As summer vacations begin, millions of families board cruise ships in Florida, New York, Texas, Washington state and California to set sail for the Caribbean, Europe or Alaska. For many, it’s a vacation with too much food, lots of sunshine, over-the-top entertainers, and the luxury of needing to unpack only once. 

Behind every smiling tourist is a quiet economic engine: this industry supports middle-class livelihoods for tens of thousands of workers on board — from places like India, the Philippines and Ukraine — about 290,000 jobs in the United States and more in ports worldwide.

Modern cruise ships are floating cities. They require people to run, clean, and maintain them, as well as feed and care for guests on board. Moreover, they are the products of a vast, ill-advised multi-continent industrial policy strategy. Like many industrial policies, from solar panels to semiconductors, the cruise provides a model of what is wrong with such policies. 

Although U.S. politicians across the political spectrum have supported national policies to subsidize and protect “key” industries, they are still a bad idea. The cruise industry provides a vivid microcosm of how it works: the policies cost billions of tax dollars, benefit people they weren’t intended to, and harm the economies that impose them.
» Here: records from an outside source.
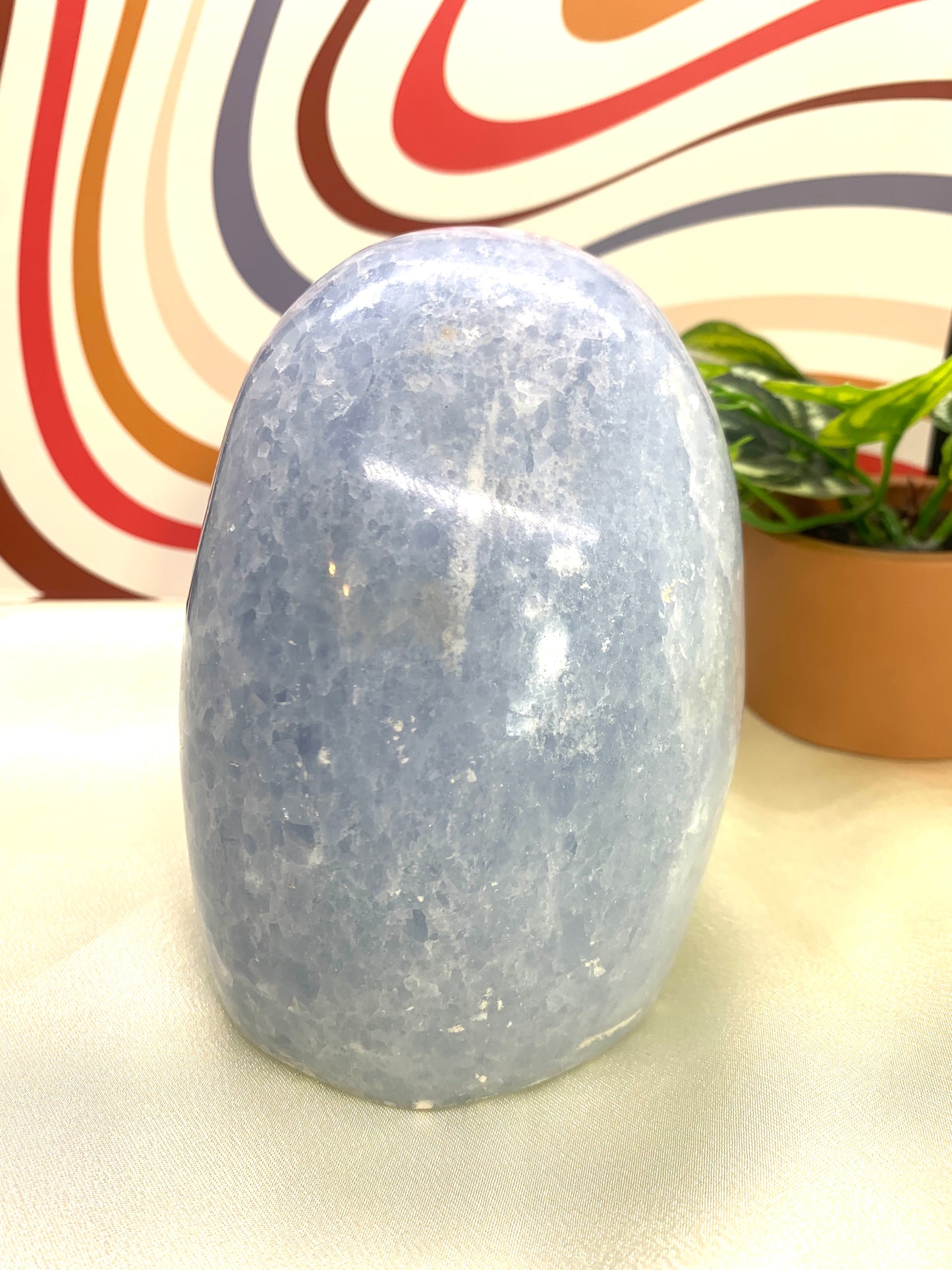 Blue Calcite Freeform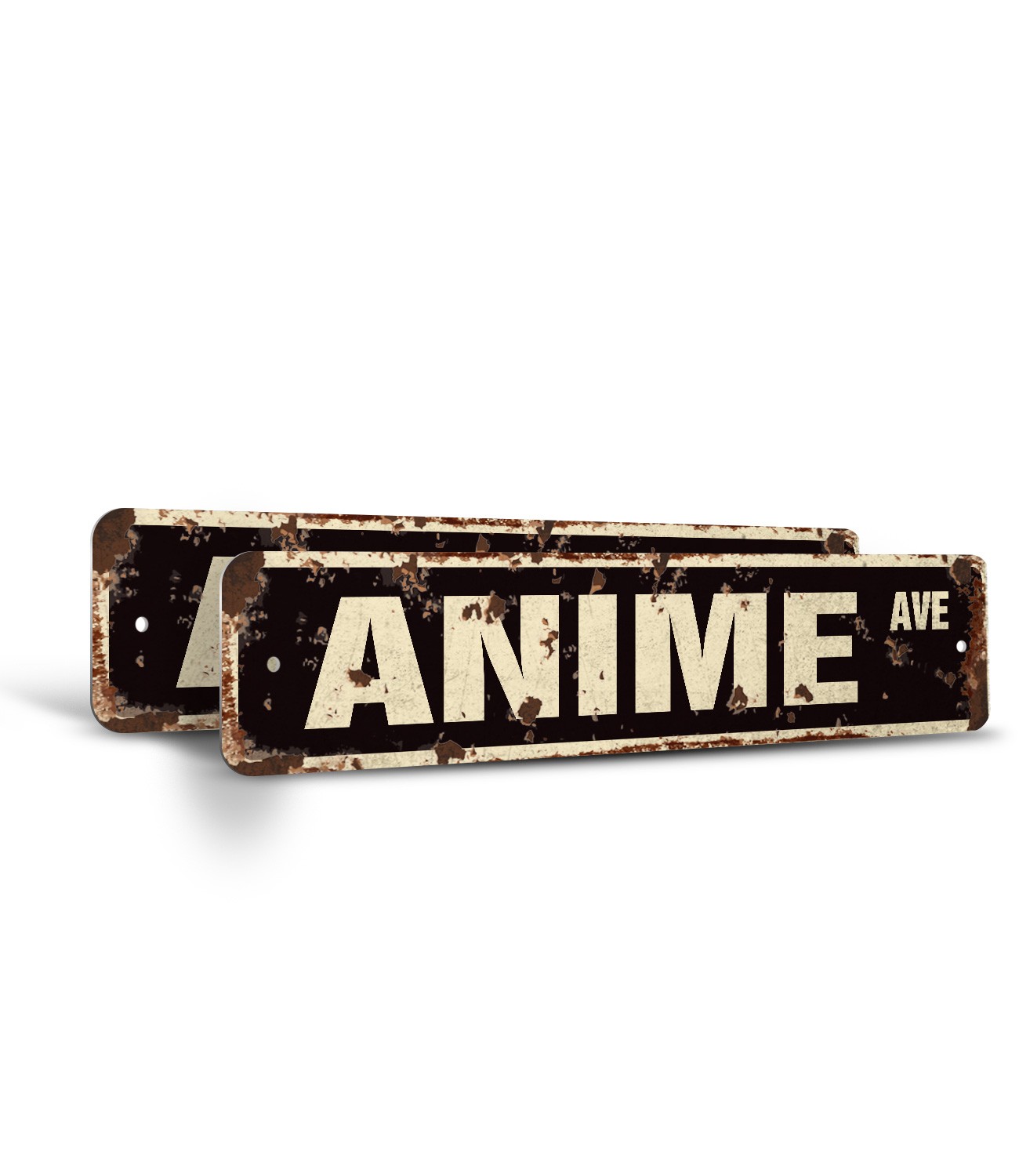 ANIME Vintage Style Street Sign Metal Plastic cartoon japanese japan show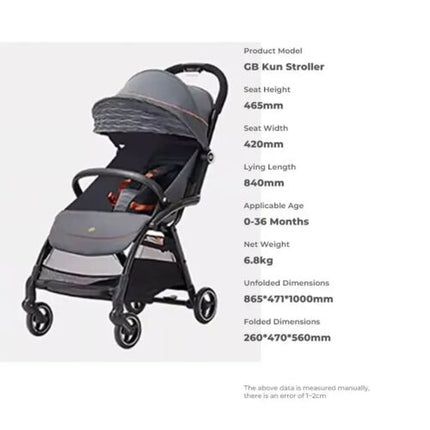 gb Kun Lightweight Compact Stroller
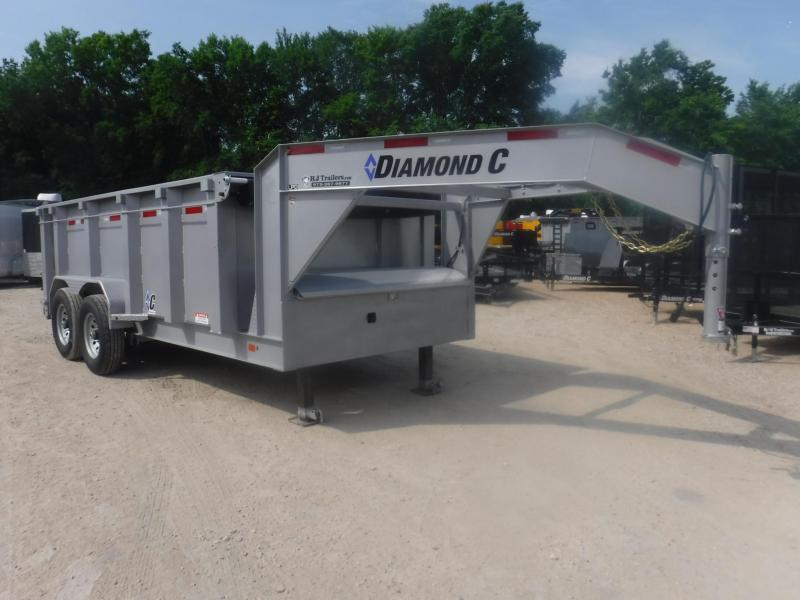 2019 Diamond C Trailers 82 x 14 LPD207 Gooseneck Dump Trailer 2019 Diamond C Trailers 82 x 14 LPD207 Gooseneck Dump Trailer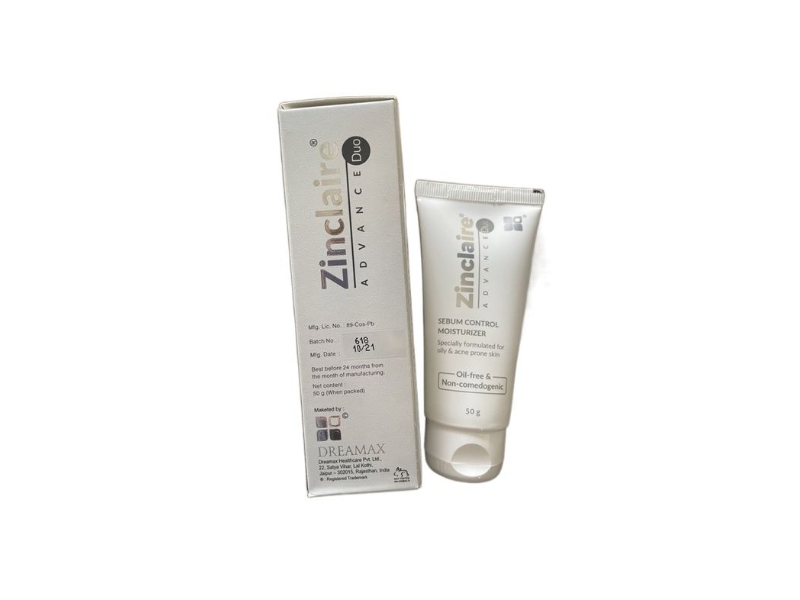 Zinclaire Advanced Duo Sebum Control Moisturizer, 50 g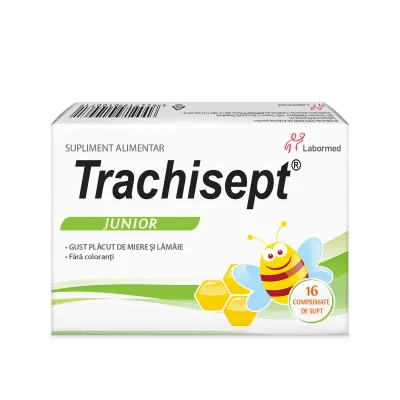 Trachisept Junior, 16 comprimate pentru supt, Labormed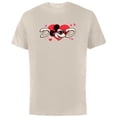 thumbnail image 1 of Disney Valentine's Day Dad Gift Family Matching Trip - Short Sleeve Cotton T-Shirt for Adults - Customized-Natural, 1 of 5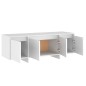 vidaXL TV-Schrank Weiß 120x30x40,5 cm Holzwerkstoff vidaXL TV-Schrank Weiß 120x30x40,5 cm Holzwerkstoff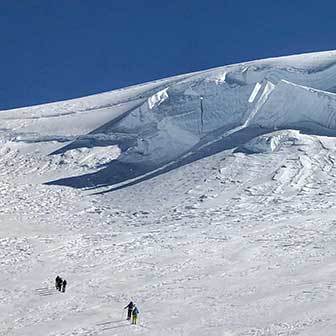 Ski Mountaineering to Punta Giordani
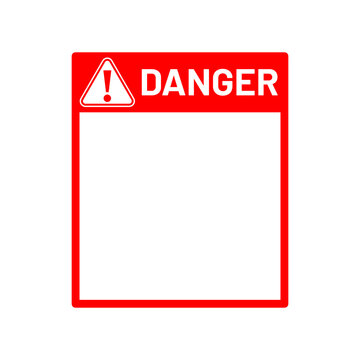 danger sign in tendy flat design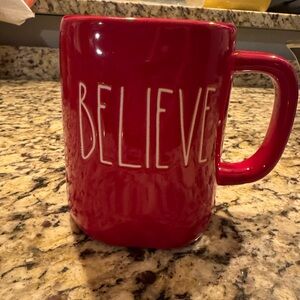 Rae Dunn Believe Christmas Mug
In the cruise industry, Europe gets the worst deal. It builds almost all the world’s cruise ships. Governments in ItalyGermany and France own controlling shares of the major shipyards. But cruise ship margins are razor-thin, and all of the yards have required bailouts and subsidies. The market is tiny, with only a handful of major buyers worldwide, and all of them are massive, sophisticated companies with leverage. So, Europe builds cruise ships at a loss for firms with tremendous bargaining power.

And the profits from operating the ships? They mostly leave the European Union. Of the four dominant cruise operators — which control more than 80 percent of the global market — three (Carnival, Royal Caribbean and Norwegian) are publicly traded in the United States, put top executives in Florida, and cater mainly to U.S. customers. The fourth, MSC, is a Swiss company with many cruise executives in Miami and is privately held.

Branding, themes, shows, culinary design, and much interior styling are produced by largely American and British teams, primarily targeting U.S. or U.K. tastes. The EU bolts together metal. America and, to a lesser extent, the UK gets the money, imagination and joy.

There’s more. Even though the United States is a net beneficiary of the EU’s industrial policy, American laws ruin the win. Enter the Passenger Vessel Services Act (PVSA), enacted in 1886. That law requires that any cruise entirely within the United States take place on a ship owned, staffed and built by Americans. This is impossible because the United States doesn’t build cruise ships and never has. To comply with the PVSA, any cruise ship that begins and ends in a U.S. port must first stop in a foreign country. Worse, unless the foreign stop is in a “distant” port (not Canada, Mexico, most of Central America or any nearby islands), the ship must return to the same U.S. port where it began its cruise.

The costs are real. Ships sailing from the West Coast to Alaska or Hawaii sometimes make unnecessary foreign stops where nobody can disembark. More damagingly, the PVSA outlaws entire business models. You can’t run a one-way family cruise from New York to Port Canaveral as a theme park vacation kickoff. You can’t offer foliage-season cruises from Baltimore to Portland, Maine. Even a closed-loop Miami–Key West–New Orleans-Miami trip is illegal.

Billions in potential U.S. tourism revenues are lost annually. There is no offsetting gain in protecting cruise-ship building jobs. Throughout the post-World War II era, the United States built one large passenger vessel, the ocean liner SS United States, which was launched in 1951. Although it was different from a cruise ship, small by modern standards, it received significant taxpayer funding based on its potential military use.

Why does the PVSA endure? Likely due to the Jones Act, a 1920 maritime law that protects a real (if inefficient and economically destructive) domestic cargo industry by imposing U.S.-built-owned-operated and crewed requirements. The PVSA just hides under its lobbying umbrella.

Ultimately, the cruise industry is a case study of how industrial policy functions. Instead of creating strategic capacity or national prestige, it subsidizes someone else’s value creation, fails to deliver the intended profit or innovation, prevents productive economic activity, and creates entrenched special interests. If this is what happens with cruise ships, why should we expect a different outcome with microchips, automobiles or solar panels? Industrial policy is a bad idea.